Interest rate immunization - Single vs Multiple liabilities

The curriculum states that to immunize a single liability, the duration of assets and liabilities must match.

However, for the multiple liabilities immunization, they say that the BPV of assets and liabilities must match. Also, the PV of Assets> PV of Liabilities.

Why can’t we just match the durations in the multiple liabilities case. What’s wrong in that?

Thanks.

Don’t quote me on this but this is how I understand it:

to immunize a single liability, the macaulay duration has to match.

for multiple liabilities you match the BPVs or the dollar duration (which are essentially the same thing in this context)

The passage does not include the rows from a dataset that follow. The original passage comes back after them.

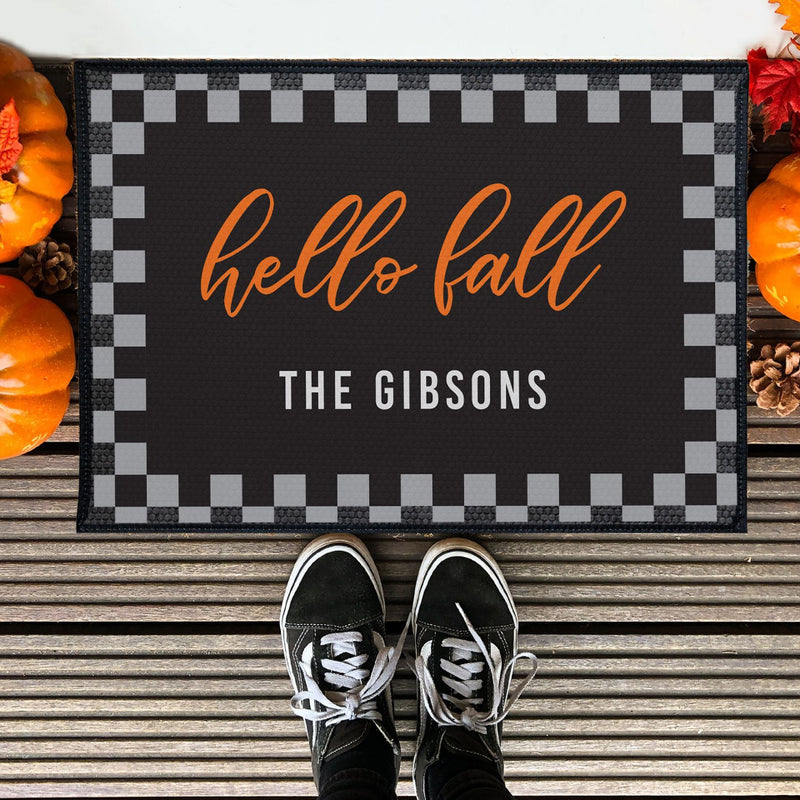 Personalized Hello Fall Autumn Door Mats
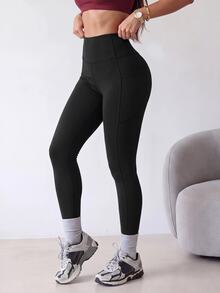 SHEIN Dewbera 1pc Women's Black Pocket Flare Pants - Black - View 3
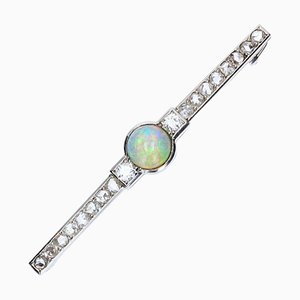 Art Deco French Opal & Diamond Platinum Brooch, 1930s-OLU-896095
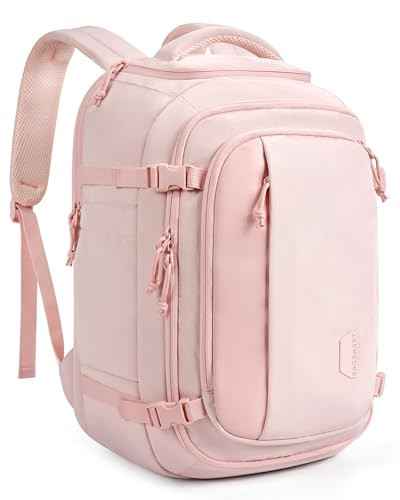 BAGSMART Travel Backpack Carry on Flight Approved, 30L Lightweight Backpack Fits 17.3 Inch Laptop for Men Women, Water Resistant Personal Item Travel Bag with USB Charging Port, Pink | Amazon (US)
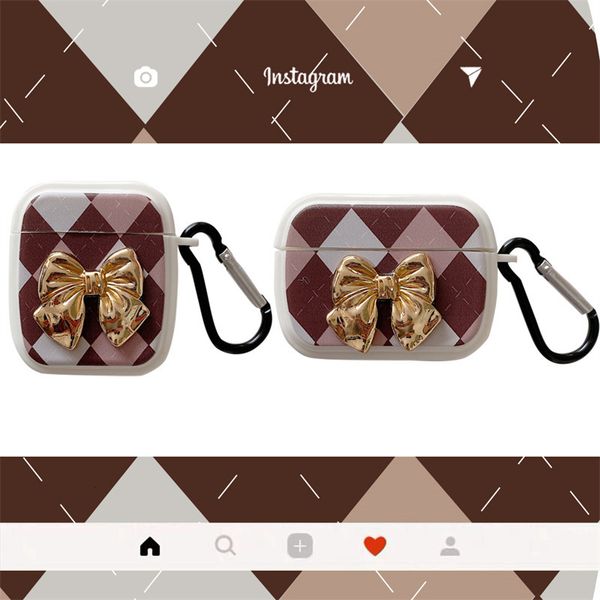 ddmygifts Lingge Gold Bow Suitable for Pro1-2-3 Generation Bluetooth Wireless Earphone Cover Soft Shell Creative A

So you’re duration matching in both cases. Macaulay in one and dollar duration in the other

Matching dollar duration and Macaulay duration isn’t same. In the example in CFA curriculum text for multiple liabilities, the Macaulay durations dont match while the dollar duration matches.

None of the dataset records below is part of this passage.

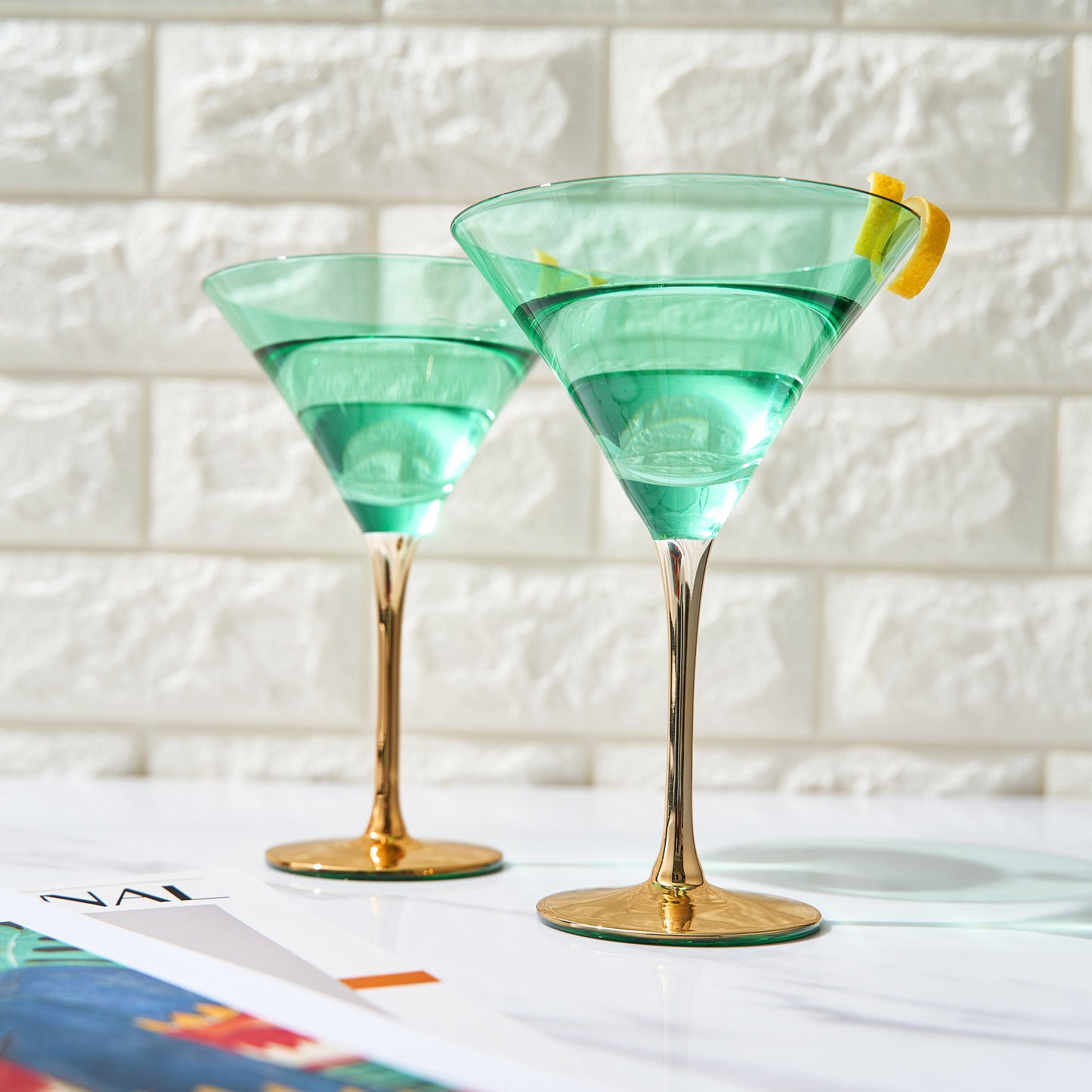Deco Martini Cocktail Glassware - Teal and Gold - Set of 4
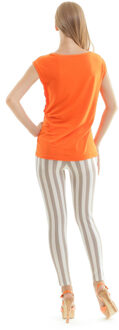Mouwloze Print Top in Oranje Wit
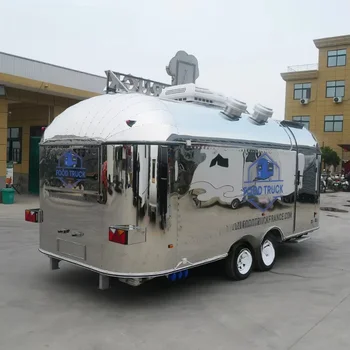 Airstream Mobile Hamburger สุนัขร้อนพิซซ่ารถพ่วงอาหารจานด่วนสแตนเลสรถบรรทุกอาหารมือถือพร้อมครัวเต็มรูปแบบสําหรับขาย 2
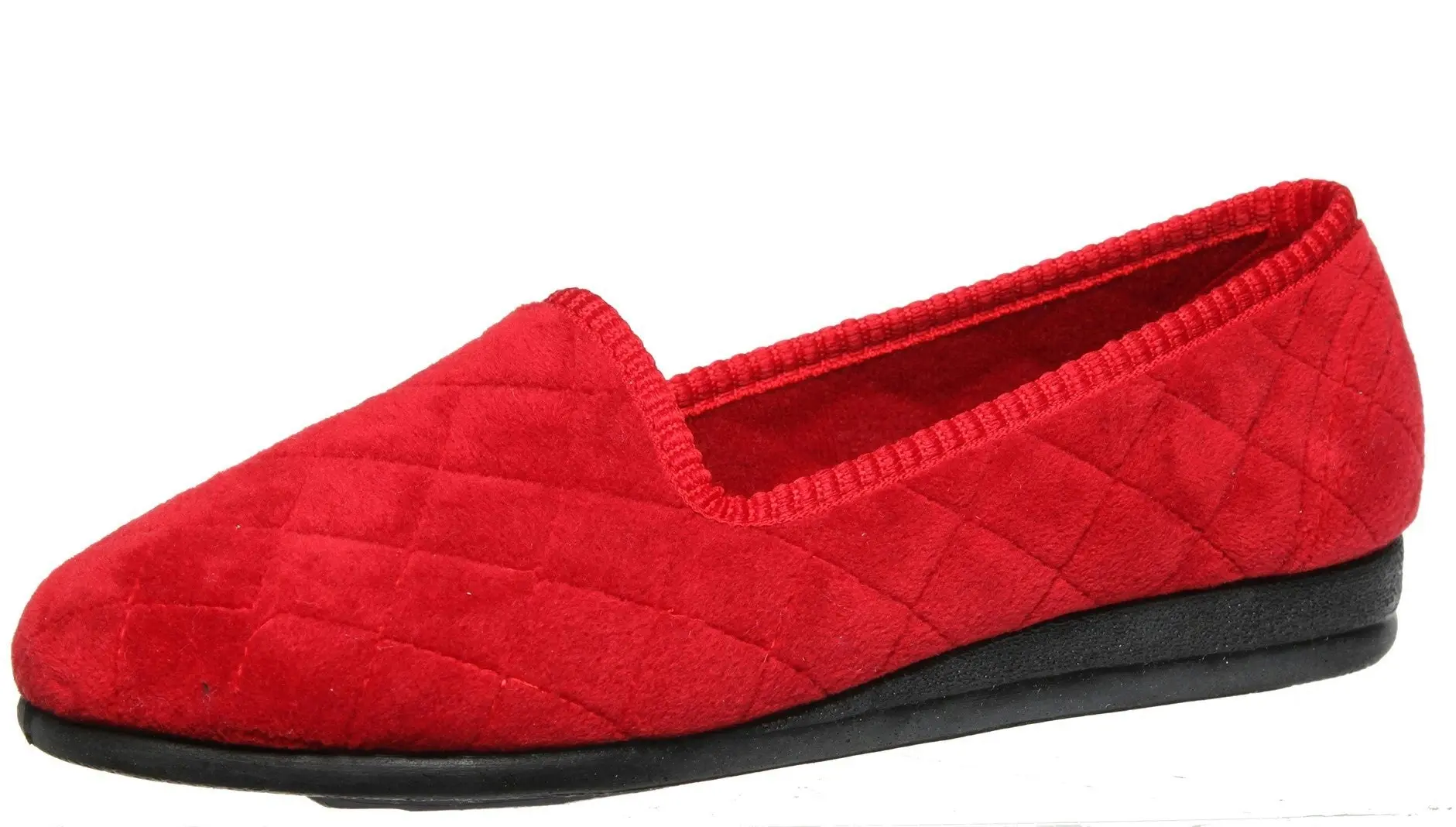 Womens Grosby Dawn Red Comfortable Slippers Ladies Shoes Slip On Flats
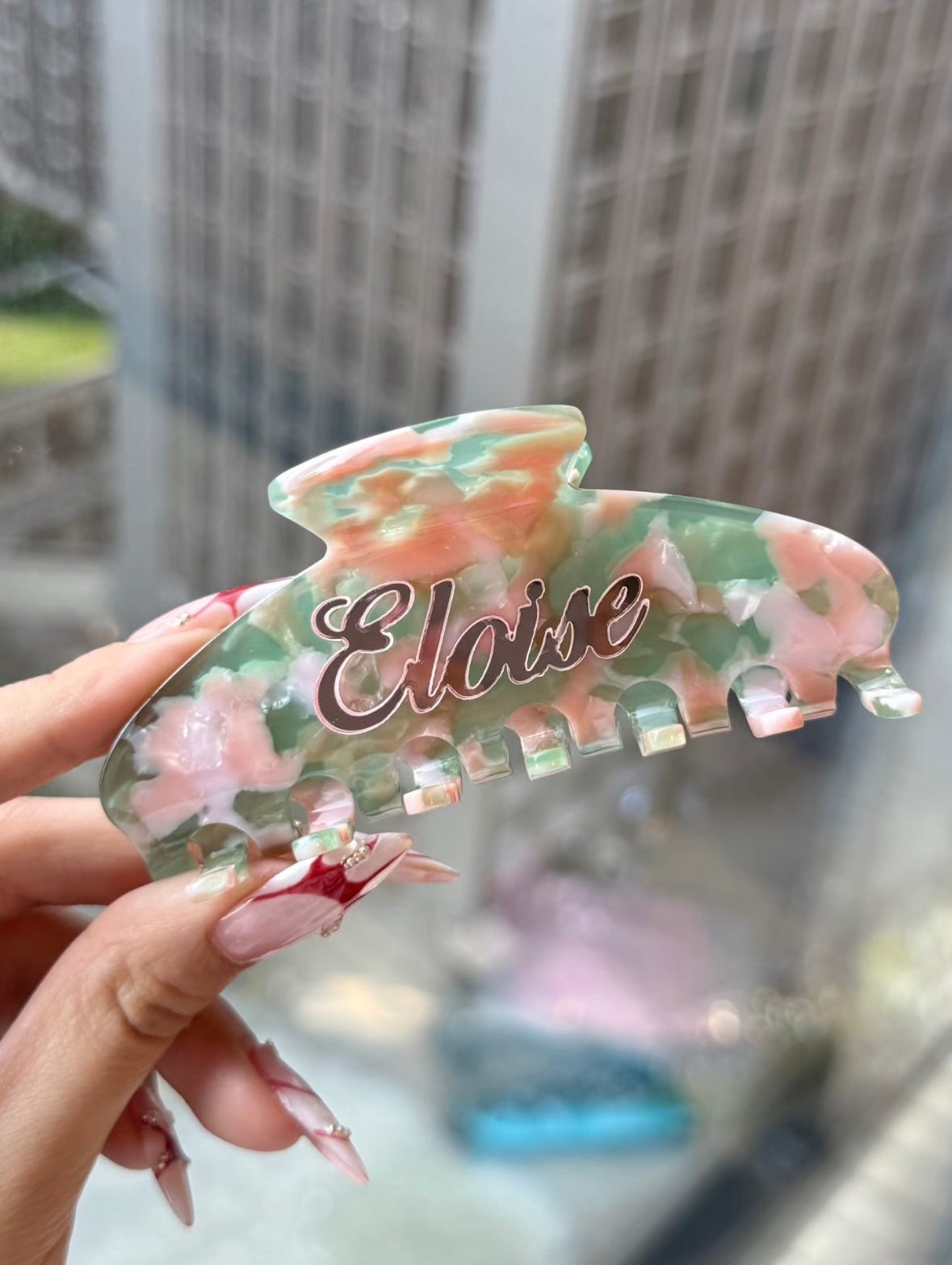 Bowee Custom Name Hair Claw Green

My question is ehy don’t we do matching of dollar duration in both single and multiple liabilities.

Following up on this post.

CFAI says, “With multiple liabilities, matching money durations is useful because the market values and cash flow yields of the assets and liabilities are not necessarily equal.”

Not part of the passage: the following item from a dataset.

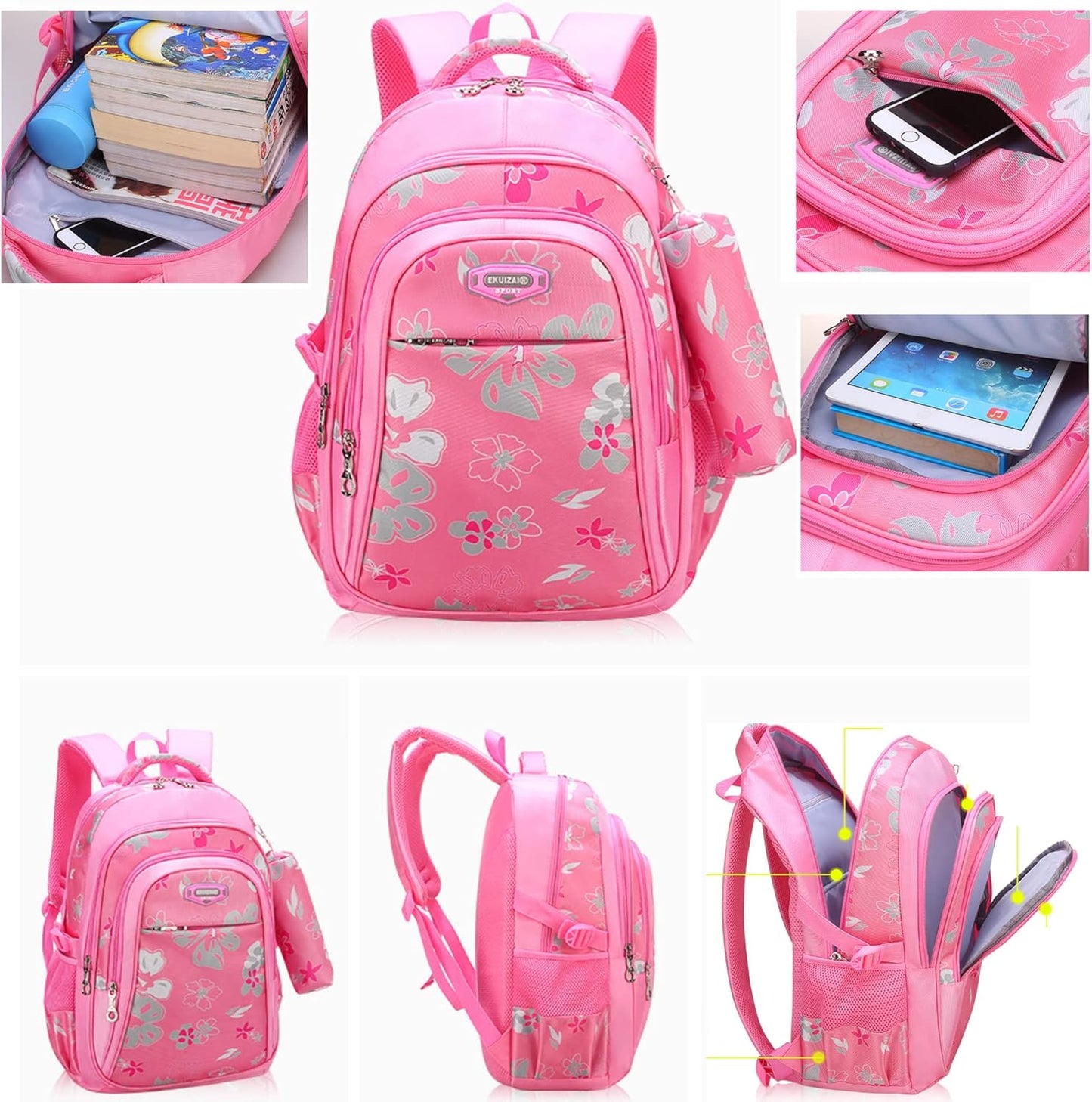 Kids Backpack for Girls with Pencil Case Trendy Backpack for School Water Repellent | Backpacks for Elementary or Kindergarten | Pink Bag 16" School Bag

Why do we match MacDur for single liability but need to match BPVs for multiple liabilities? Why can we not just treat all the asset cash flows as one aggregate asset and all the liability cash flows as one aggregate liability and match the MacDur of those?

Hi
For a single liability, it is efficient to use MacDur because we have one instrument with specific risks.

Multiple liabilities consist of different instruments with different risks; treating all the cash flows as a single liability will oversimplify the analysis and not adequately account for the individual risks. Using the BPV approach considers the unique features and risk characteristics of each liability and optimises the asset allocation.